For a decade or so, every June, theaters, clubs and parks all over Tampa were overflowing with dancers and dance performances.
That ended about 15 years ago when the festival moved to Miami. The Florida Dance Festival has been scaled down since those years, but it's now back in Tampa, and festival officials are determined to bring it back to its full glory. This year is an important one in that rebuilding process.
"It took 15 years for it to develop that spark in Tampa," said Bill Doolin, the artistic director of the Florida Dance Association, which organizes the annual festival. "It's going to take awhile to develop it again."
But in the meantime, it's still an exciting event that brings in dance and dancers that a mid-sized city such as Tampa doesn't usually get to experience. And though it hasn't yet recaptured its peak strength, the festival is strong this year and is offering some exciting concerts.
The Florida Dance Festival has two components.

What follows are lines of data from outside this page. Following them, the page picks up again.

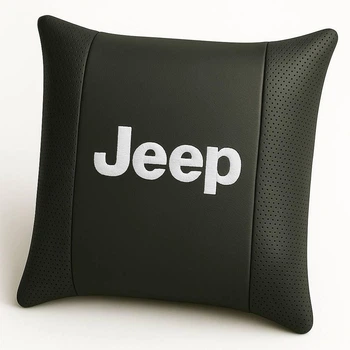 Автомобильная подушка с вышитым логотипом JEEP 35х35 см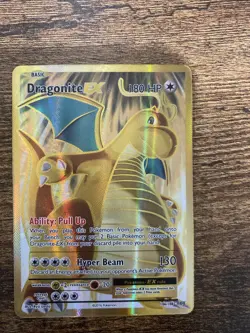 Pokemon TCG Card - Dragonite EX XY Evolutions 106/108 Ultra Rare Full Art Holo - Image 1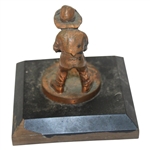 Mike Donald's 1978 Intercollegiate Tournament Pinehurst Putter Boy 3rd Place Trophy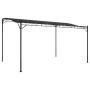 Steel awning and anthracite gray fabric 4x3 m 180 g/m² by vidaXL, Tents and gazebos - Ref: Foro24-362395, Price: 217,03 €, Di...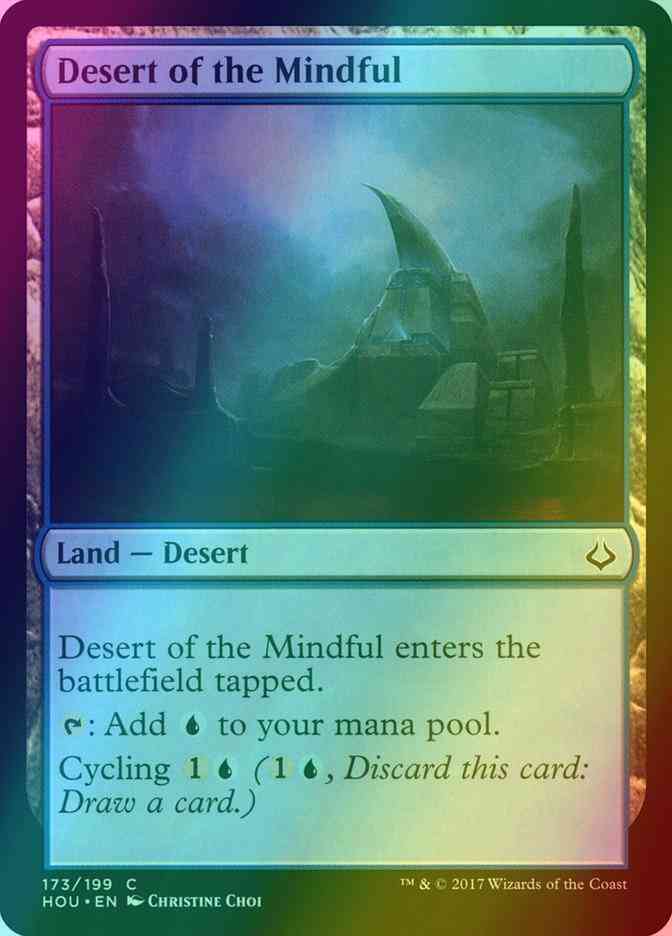 Desert of the Mindful [173] [Hour of Devastation] [Foil]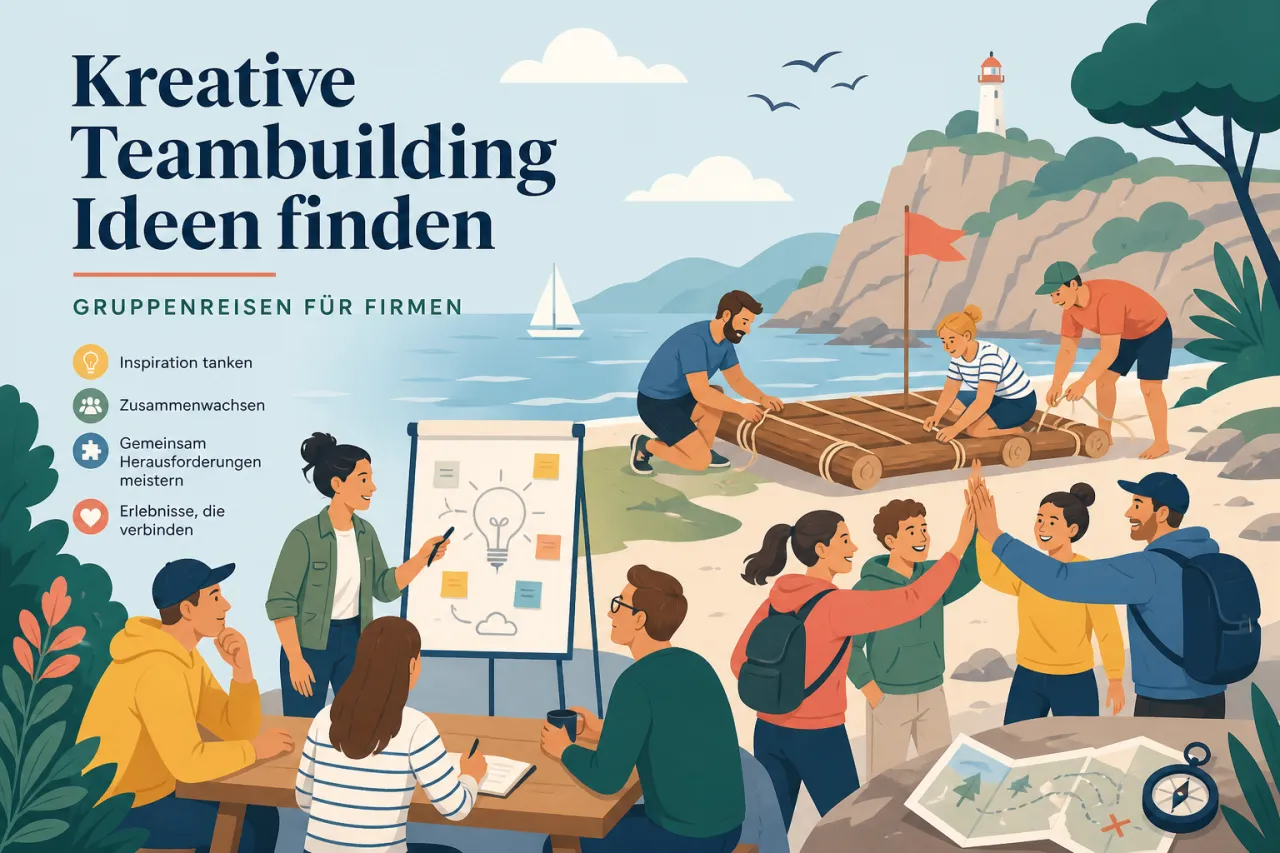 Kreative Teambuilding-Ideen finden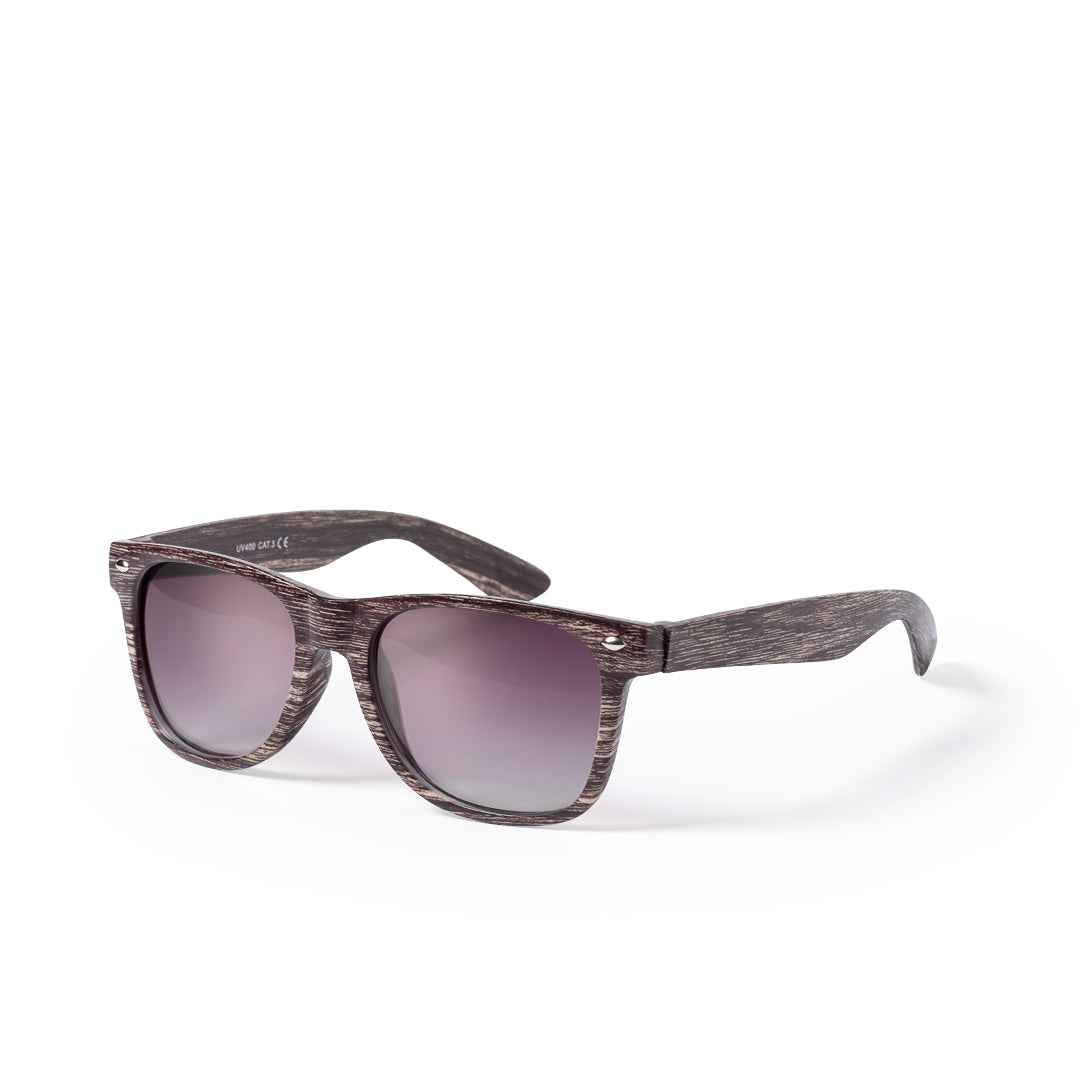 Haris Sunglasses – Classic UV400 Protection with Natural Wood Design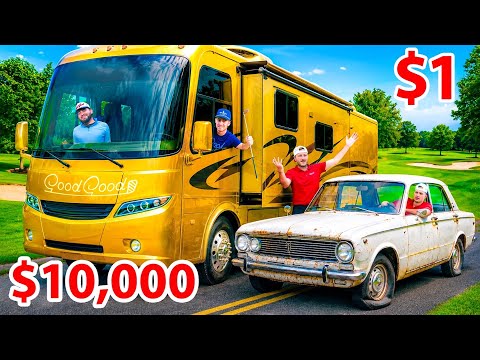 $1 vs $10,000 Golf Road Trip Across America | Ep.4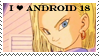 Android 18 Stamp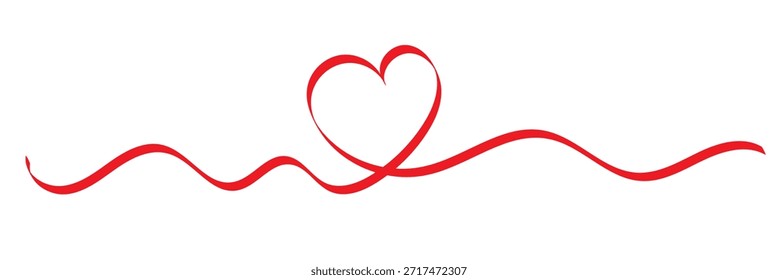 Ilustração cardíaca de linha contínua mínima. Linha contínua preta simples formando uma forma de coração sobre fundo branco, simbolizando amor, conexão e design romântico mínimo.
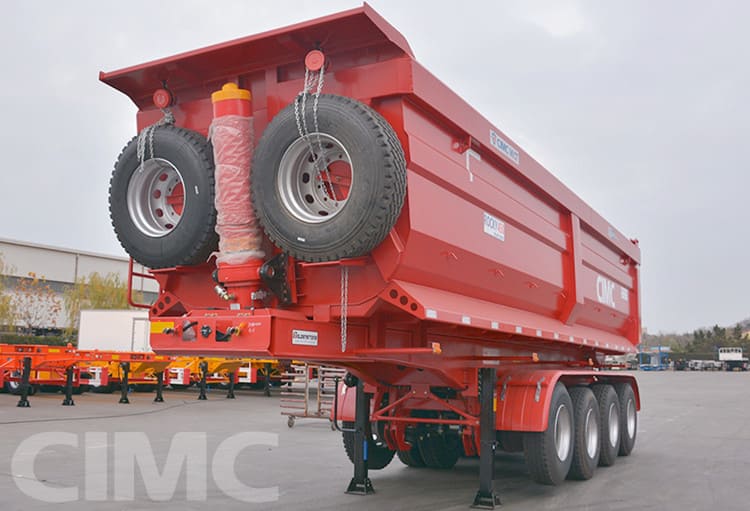 4 Axle Heavy Duty Semi Dump Trailers for Sale in Djibouti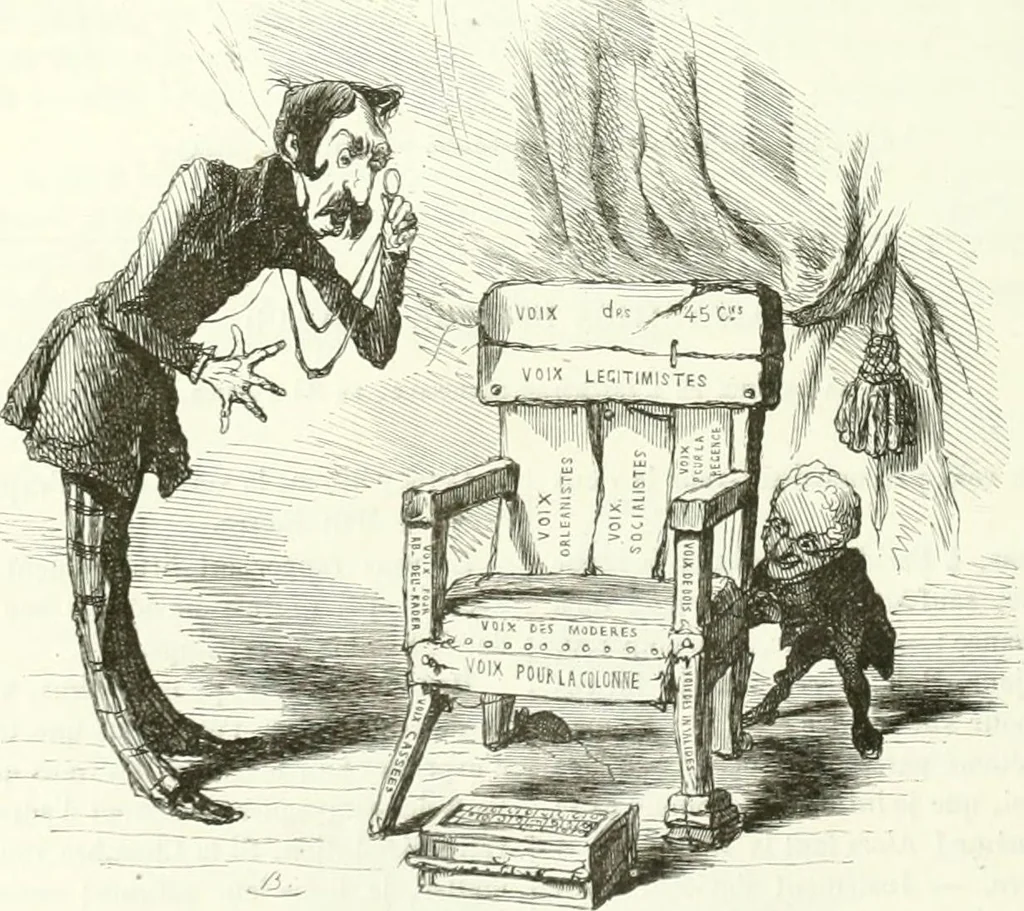 An illustration from Revue comique à l'usage des gens sérieux, 1848, leaf 205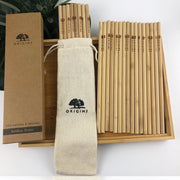 Environmental protection and biodegradable natural bamboo straw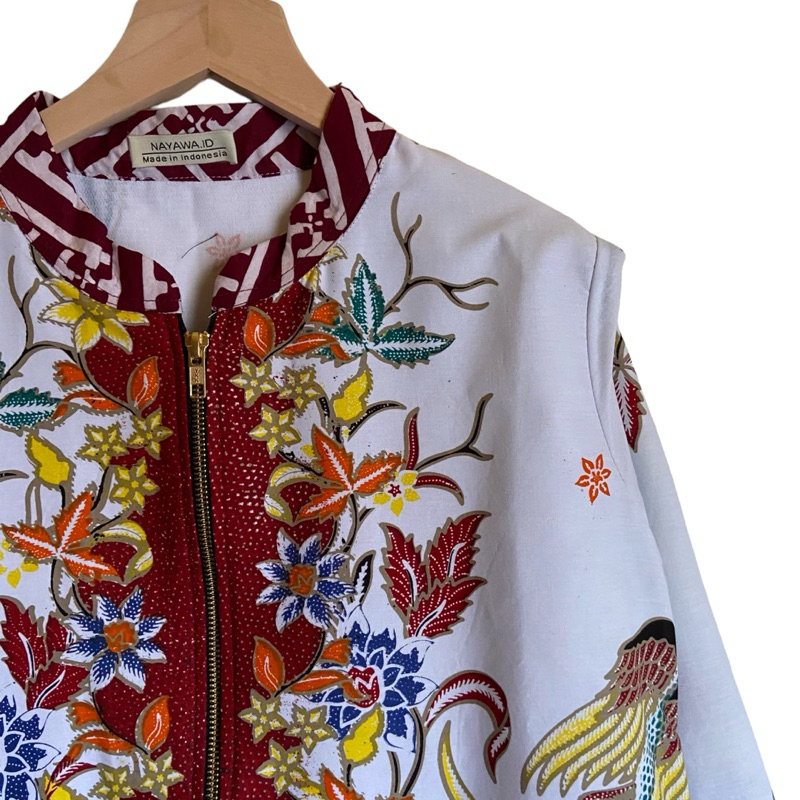Jual Batik Nayawa Salaras Blus Batik Modern Batik Kemerdekaan Merah ...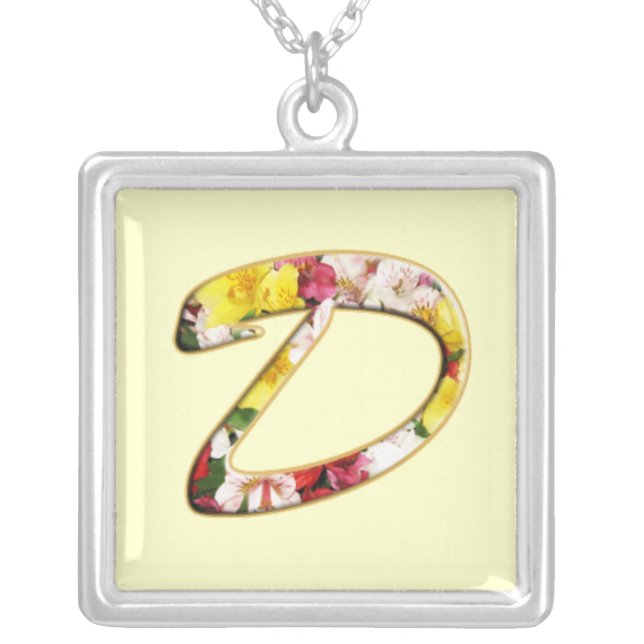 Initial D Monogram Necklace (Front)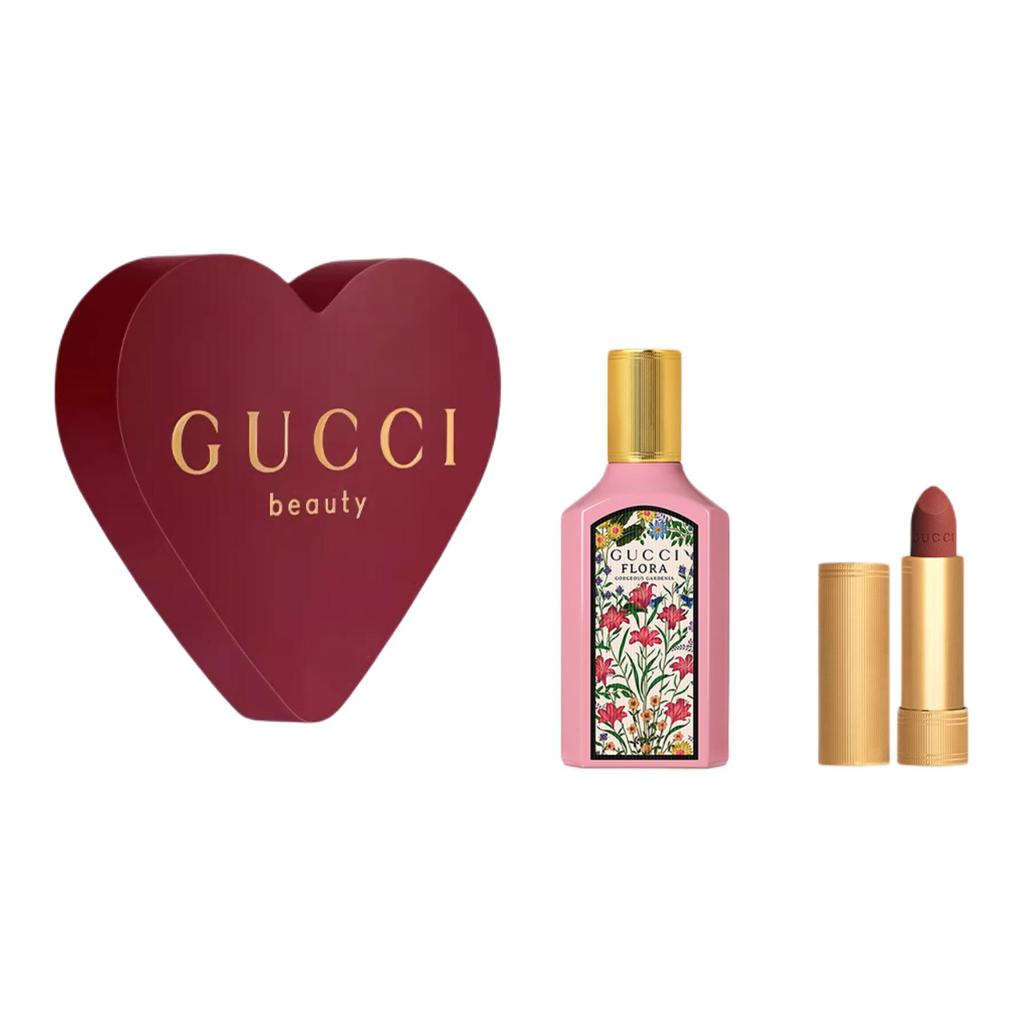 Gucci Flora Gorgeous Gardenia Eau De Parfum With Lipstick Set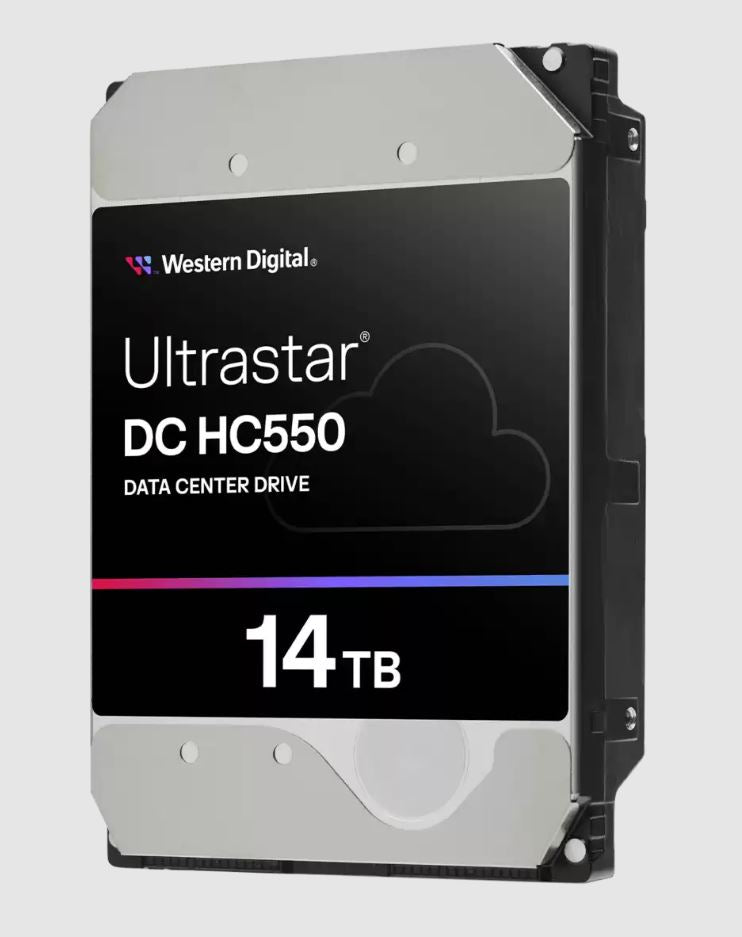 Western Digital WD Ultrastar DC HC550 14TB 3.5' SATA  512MB 7200RPM EAMR SE 5yrs  -WUH721814ALE6L4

One is education. Student dancers come from all over Florida to study with top professionals.
The second is performance. The festival brings in some of the most interesting dance companies, so that students from Palatka and Pensacola and Palmetto can experience dance that they would never see in their hometowns.
It's often cutting-edge companies that might not otherwise have a chance to perform in West Central Florida, so the festival gives dance aficionados an opportunity experience a wider breadth of American dance.
This year's dance festival runs June 17-29, with performances starting June 19.
Instead of being scattered in venues around Tampa, this year's performances are all at the festival's home base at the University of South Florida.
There are only five performances this year, but Doolin said he's concentrating on quality instead of quantity this year and bringing in some of the country's most intriguing dance artists, all performing in Tampa for the first time.
The first performance comes from Los Angeles-based dancer Sheetal Gandhi, a former Cirque du Soleil star who fuses traditional Indian dance with contemporary styles.
"It's been a long time since we featured a solo dancer," Dooilin said. "I wanted to show our students Indian dance, but also show them how one person can hold a stage for 50 minutes."
Gandhi said her performance traces her experience as a woman who's part of a ethnic minority in America, and looks at changing attitudes. It's often sad and often funny.
"I use traditional Indian dance, but also vocal percussion and singing," Gandhi said. "It will appeal to the Indian community, but because it's not just pure traditional Indian dance, it appeals to a wider audience than that."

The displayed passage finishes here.